IIRC this was to replicate scikit-allel PCA and get close to parity with hwe_normalized_pca by default. If we wanted to make this more generic so that it could run on dosages, then I would suggest this:

  1. We leave pca as it is
  2. We add two overload functions like decompose_call_alternate_alleles and decompose_dosages (naming consistent with sgkit.stats.aggregation as well as familiar for scikit-learn users) that take away the choice for variable and scaler, and call pca with appropriate settings for them

please let me know if I can help in any way.

Ditto! Let me know if any of that isn't clear or you see a better way.

eric-czech avatar May 01 '23 12:05 eric-czech

Thanks @eric-czech, decompose_dosages is a good name. Just a thought, the call_dosage variable can optionally be an integer type.
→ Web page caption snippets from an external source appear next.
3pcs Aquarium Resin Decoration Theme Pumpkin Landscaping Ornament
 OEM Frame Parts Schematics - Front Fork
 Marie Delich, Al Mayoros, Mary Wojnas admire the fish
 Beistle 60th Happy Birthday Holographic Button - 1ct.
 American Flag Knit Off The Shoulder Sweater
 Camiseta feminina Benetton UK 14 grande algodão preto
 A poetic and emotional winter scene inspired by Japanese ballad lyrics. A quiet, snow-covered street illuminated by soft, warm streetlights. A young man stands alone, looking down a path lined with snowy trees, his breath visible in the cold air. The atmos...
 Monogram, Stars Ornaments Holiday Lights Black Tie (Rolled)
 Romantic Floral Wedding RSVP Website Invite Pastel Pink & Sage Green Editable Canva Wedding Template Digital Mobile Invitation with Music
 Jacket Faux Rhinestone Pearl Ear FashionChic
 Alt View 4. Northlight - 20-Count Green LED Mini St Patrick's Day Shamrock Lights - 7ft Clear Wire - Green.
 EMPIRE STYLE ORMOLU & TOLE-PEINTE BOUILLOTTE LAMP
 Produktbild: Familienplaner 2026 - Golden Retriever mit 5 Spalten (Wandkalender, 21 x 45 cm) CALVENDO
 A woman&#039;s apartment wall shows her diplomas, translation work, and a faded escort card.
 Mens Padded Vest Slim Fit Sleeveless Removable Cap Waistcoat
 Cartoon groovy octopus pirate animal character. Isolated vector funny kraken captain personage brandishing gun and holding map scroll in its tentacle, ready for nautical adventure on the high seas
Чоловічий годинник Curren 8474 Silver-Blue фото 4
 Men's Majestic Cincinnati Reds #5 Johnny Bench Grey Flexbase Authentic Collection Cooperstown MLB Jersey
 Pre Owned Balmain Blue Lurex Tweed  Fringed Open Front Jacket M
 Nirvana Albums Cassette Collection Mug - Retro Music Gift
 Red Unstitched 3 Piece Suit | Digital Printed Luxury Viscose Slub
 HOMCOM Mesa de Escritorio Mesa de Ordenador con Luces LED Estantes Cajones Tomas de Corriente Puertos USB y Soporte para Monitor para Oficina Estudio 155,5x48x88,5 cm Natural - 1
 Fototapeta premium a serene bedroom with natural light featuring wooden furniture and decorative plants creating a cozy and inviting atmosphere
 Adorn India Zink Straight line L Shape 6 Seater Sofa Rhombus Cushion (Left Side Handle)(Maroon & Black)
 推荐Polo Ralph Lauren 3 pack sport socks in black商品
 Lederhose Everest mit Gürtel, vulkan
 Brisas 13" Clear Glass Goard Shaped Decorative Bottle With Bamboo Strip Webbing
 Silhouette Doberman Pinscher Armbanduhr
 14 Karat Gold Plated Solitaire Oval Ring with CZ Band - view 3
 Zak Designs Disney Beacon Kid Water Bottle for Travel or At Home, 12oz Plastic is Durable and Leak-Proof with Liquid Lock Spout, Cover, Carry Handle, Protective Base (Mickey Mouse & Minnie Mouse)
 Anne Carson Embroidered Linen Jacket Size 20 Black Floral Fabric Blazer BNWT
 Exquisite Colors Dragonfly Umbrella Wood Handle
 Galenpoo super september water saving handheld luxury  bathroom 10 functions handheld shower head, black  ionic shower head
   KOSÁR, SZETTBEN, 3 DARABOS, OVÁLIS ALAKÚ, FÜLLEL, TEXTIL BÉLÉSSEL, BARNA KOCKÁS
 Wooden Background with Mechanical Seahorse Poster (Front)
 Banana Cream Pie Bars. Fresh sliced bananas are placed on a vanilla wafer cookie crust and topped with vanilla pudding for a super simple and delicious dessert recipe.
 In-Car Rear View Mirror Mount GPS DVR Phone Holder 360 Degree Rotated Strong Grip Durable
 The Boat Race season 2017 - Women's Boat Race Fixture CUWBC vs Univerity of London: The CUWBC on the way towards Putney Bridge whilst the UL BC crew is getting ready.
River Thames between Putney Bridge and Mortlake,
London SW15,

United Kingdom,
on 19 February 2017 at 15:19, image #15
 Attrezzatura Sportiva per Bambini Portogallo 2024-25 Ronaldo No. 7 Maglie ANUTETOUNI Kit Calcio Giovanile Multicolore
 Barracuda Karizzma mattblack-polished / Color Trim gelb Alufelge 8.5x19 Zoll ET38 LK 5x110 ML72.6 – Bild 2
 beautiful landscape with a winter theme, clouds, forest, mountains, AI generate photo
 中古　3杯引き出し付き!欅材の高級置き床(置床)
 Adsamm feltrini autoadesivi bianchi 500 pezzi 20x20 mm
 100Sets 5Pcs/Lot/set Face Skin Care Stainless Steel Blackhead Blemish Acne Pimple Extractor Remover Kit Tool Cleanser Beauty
So, we could potentially still use it with the PattersonScaler and raise an error if it contains floats. Integer alternate allele counts for biallelic variants can already be computed using convert_call_to_index.

So, we could have a general API where the default variable is call_dosage. If absent, call_dosage is automatically computed as an integer array using convert_call_to_index. An error is raised If the patterson scalar is used and call_dosage is already an array of floats.

timothymillar avatar May 12 '23 02:05 timothymillar